3 glasses green lentils, bacon, onion, garlic, carrot, celery, fennel, chard, red wine vinegar
I put 3 glasses of lentil in a pot with the scraps (ie, the leafy bits) of a fennel bulb and a teeny bunch of celery* and added 1 liter or so of boiling water and two packets of Goya Sazon powder. In the future, I'd add some bullion as well, or at least some salt.
As those cooked, I fried half a pound of bacon in two different pans over medium low heat. When it was done, I placed it on paper towels, and poured the grease into one pan.
I finely diced the fennel, two onions, and chard stems and put them in the pan I'd poured the grease out of, adding a little bit of grease from the other pan. I let that cook over medium heat until softened but still firm. Meanwhile, I chopped the celery and (peeled) carrot quite fine and put them aside.
At this point, my lentil were done, so I drained them, discarded the scraps, and put them in a big bowl. I added the sautéed onion, fennel and chard stems. In the less greasy pan, I cooked the celery and carrot for a couple minutes, until slightly mellowed but still crunchy, and added them to the bowl.
I chopped the chard leaves into strips then chunks of strips and put them in the pan, drizzling plenty of red wine vinegar over them. I pressed in 4 cloves of garlic and cooked over low heat, stirring. When the garlic had lost its bite and the chard was wilted and well infused with garlic and vinegar flavor (2-3 minutes), I added it to the bowl.

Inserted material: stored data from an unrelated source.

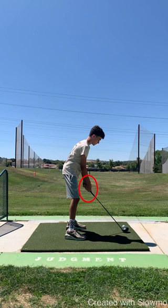Step one is our grip. As you can see here, hands are together, thumbs pointed up. Nailed it.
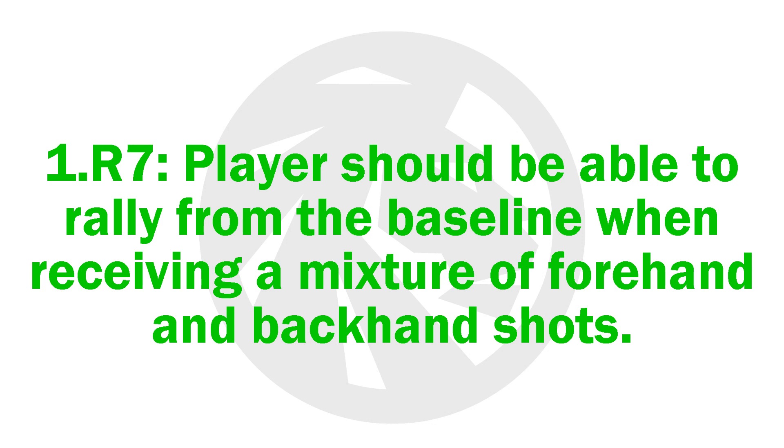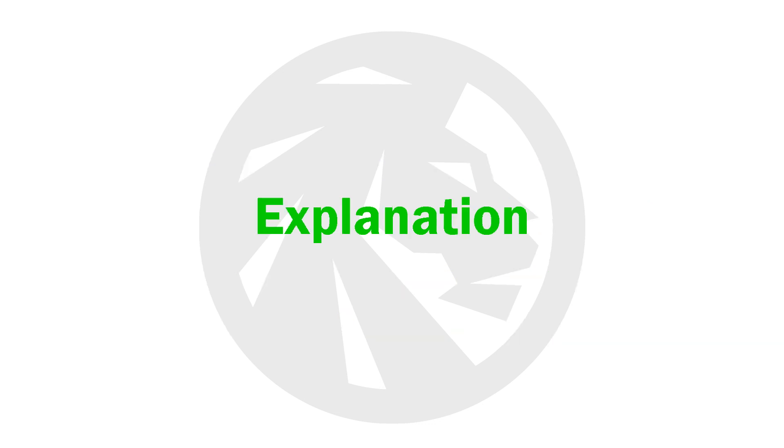1.R7. Players should be able to rally from the baseline when receiving a mixture of forehand and backhand shots. The ability to differentiate the forehand and backhand sides is a necessary skill in tennis.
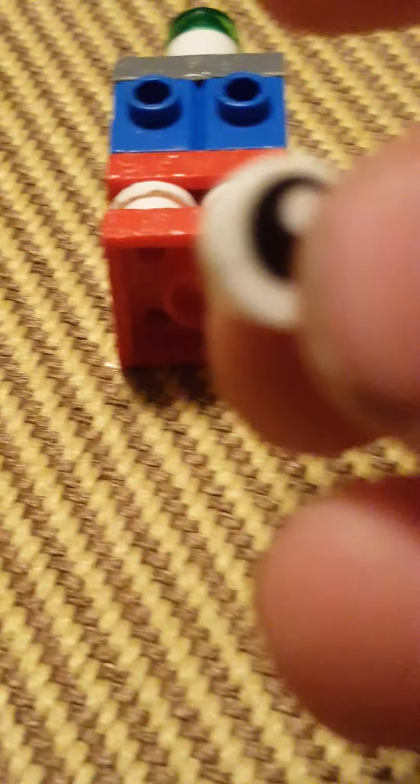Then you take the cute little eyeball. Place it right there. Then you want to add a pirate to it. There we go — the Nightmare Cupcake.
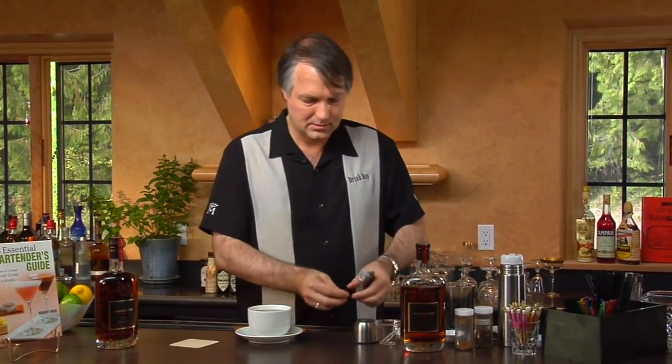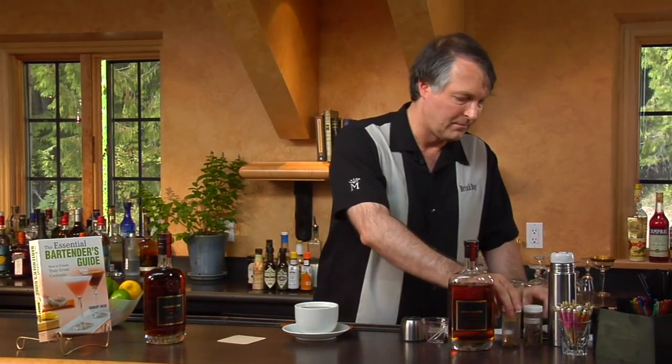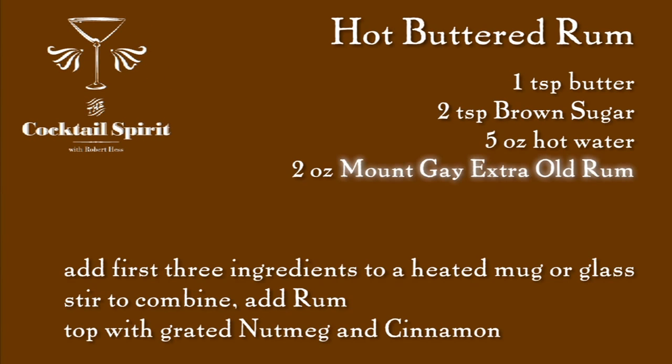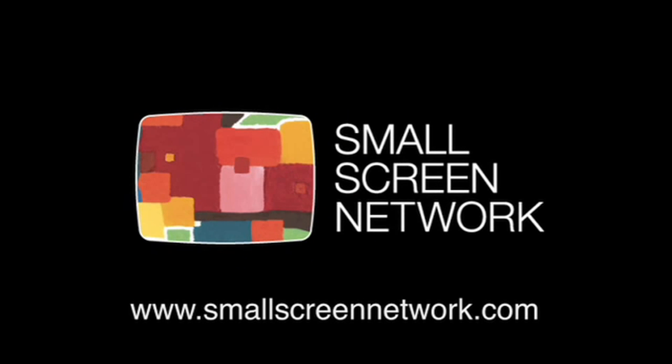And then on top of that, we're going to add some grated nutmeg, as well as some cinnamon. For cinnamon, you could use regular powdered cinnamon, but what I'm going to do is take a stick of cinnamon and grate that as well. You want to use a separate grater for this than you do for your nutmeg, because you don't always want those two flavors together. And there we have a wonderful cold weather drink, the Hot Buttered Rum. Let's see this return again this season. We'll see you next time.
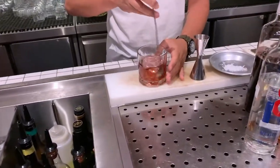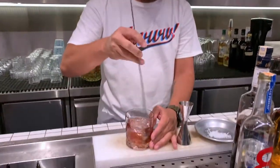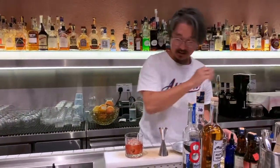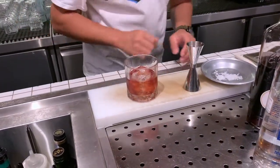The ratio is exactly the same as a Negroni. Then garnish with a pinch of salt on top.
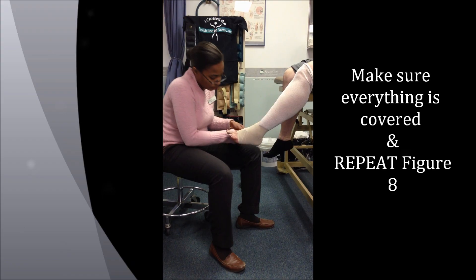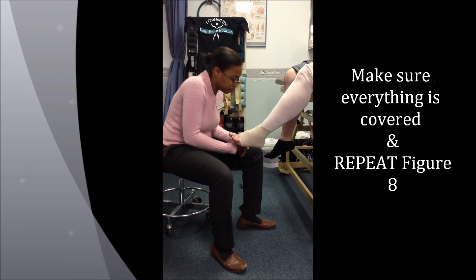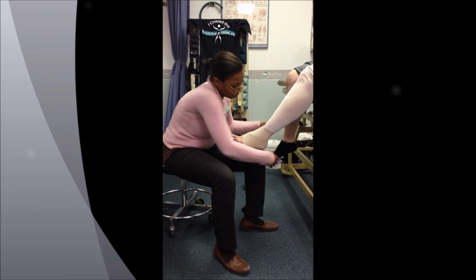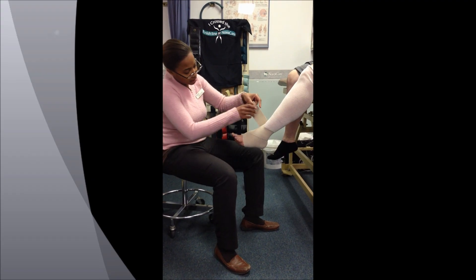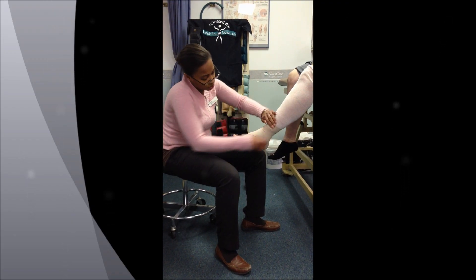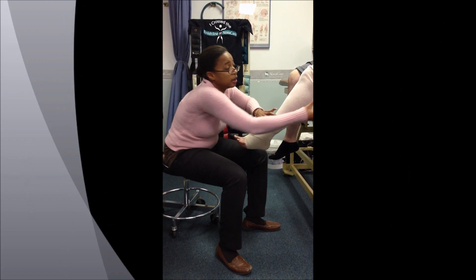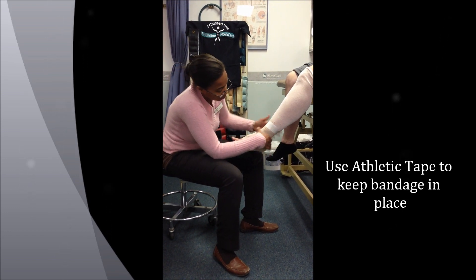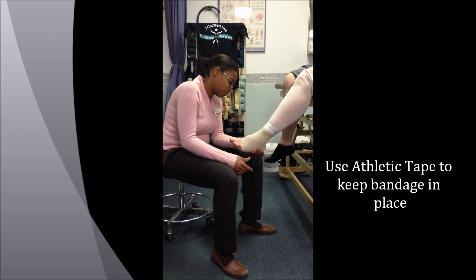Continue the figure eights — down, around, across — until you're towards the end. Towards the end, you go further up. I usually have it stuck with a piece of athletic tape just to hold it in place.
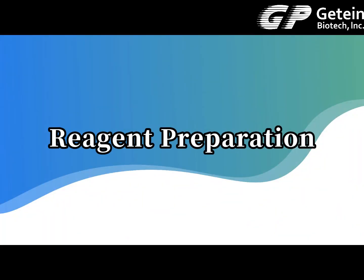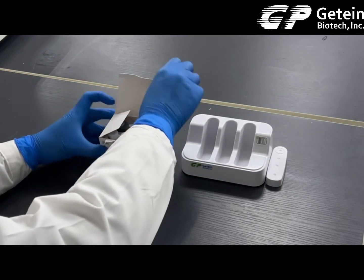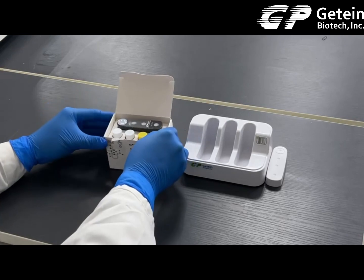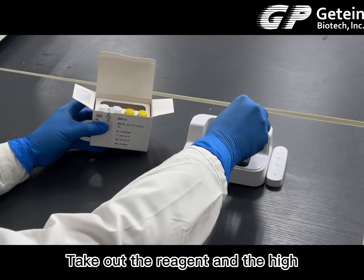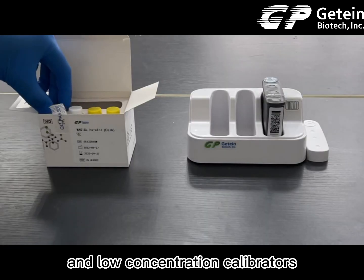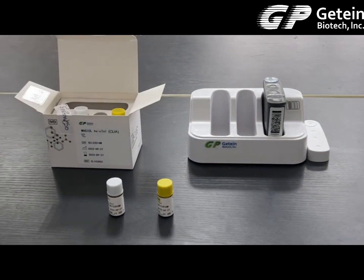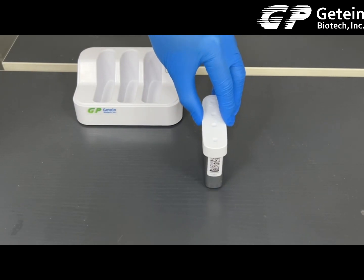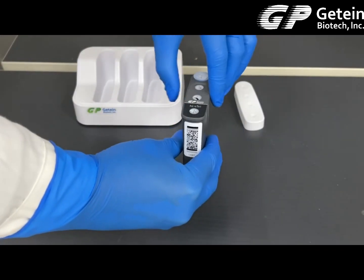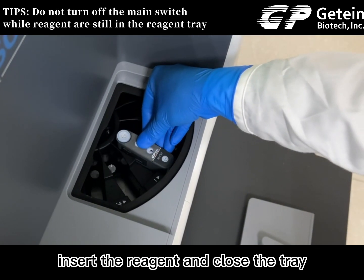Reagent preparation: open the kit and take out the reagent and the high and low concentration calibrators. Leave the reagent on the magnetics pre-mixing tool for a few minutes. Use the piercing tool to open the reagents. Then uncover the reagent tray on the right side of the machine, insert the reagents, and close the tray.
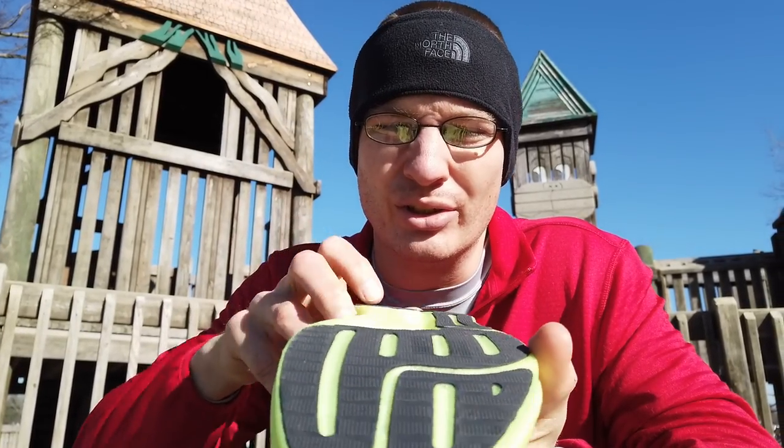The midsole of the shoe uses a Hyperburst midsole with M-Strike. I don't know what M-Strike is, but it's supposed to promote a better midfoot strike and better running form, so we'll see how that works. The outsole of the shoe uses a rubber outsole, which is nice to see on a lot more shoes lately — it actually helps with wear patterns where you don't wear down the EVA midsole that is on some of these shoes.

Then I crumbled the bacon in and stirred everything.
I tried to make a dressing with mustard, bacon grease, salt, pepper and olive oil, but it wasn't very good so I trashed it. Instead, I added plenty of salt and pepper to the bowl and more red wine vinegar and served it. And it was pretty dang good, if I do say so myself. I think having the chard leaves be the primary dressing vehicle, as it were, kept the flavors of the other ingredients from being overpowered. The texture was nice, crispety and crunchety - important, I think, with lentils, which can very easily be sort of chalky. Overall, definitely a success!
*Turks don't seem to recognize celery stalks as food. You can buy celery root, but the stalks are hard to find, and usually scrawny, pathetic little things thinner than a drinking straw.